In a letter dated April 24 former New Mexico US Representative from the Third District Deb Haaland and Rep. Raúl Grijalva (D-AZ, 3rd District) asked for a grant of clemency and the release of Peltier, a 75-year old tribal citizen of the Turtle Mountain Band of Chippewa Indians. 

Hey, President Biden, release Leonard Peltier and settle the Black Hills Claim. 

Today, land repatriation is the part of the roadmap to reconciliation and that Republican welfare ranchers are angry about rewilding means it's the right thing to do.

Move the US Forest Service into the Department of the Interior, dissolve the Black Hills National Forest and make it a national monument co-managed by the Bureau of Indian Affairs and the tribal nations signatory to the 1868 Fort Laramie Treaty. Mato Paha (Bear Butte), the associated national grasslands and the Sioux Ranger District of the Custer/Gallatin National Forest should be included in the move. 

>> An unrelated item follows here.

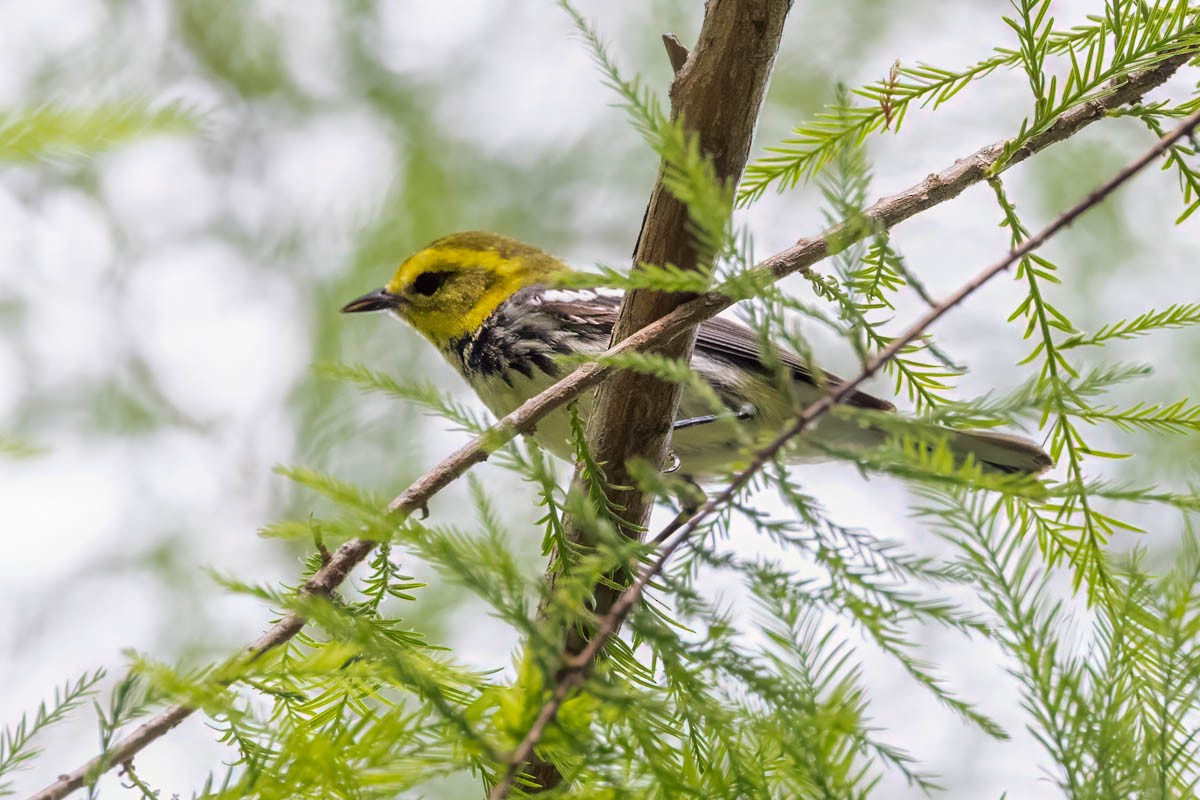 Black-throated Green Warbler - Mark  Laussade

Rewild it and rename it Paha Sapa National Monument eventually becoming part of the Greater Missouri Basin National Wildlife Refuge connecting the CM Russell Wildlife Refuge in Montana along the Missouri River to Oacoma, South Dakota combined with corridors from Yellowstone National Park to the Yukon in the north and south to the Pecos River through Nebraska, eastern Colorado, western Kansas, Oklahoma, New Mexico and Texas.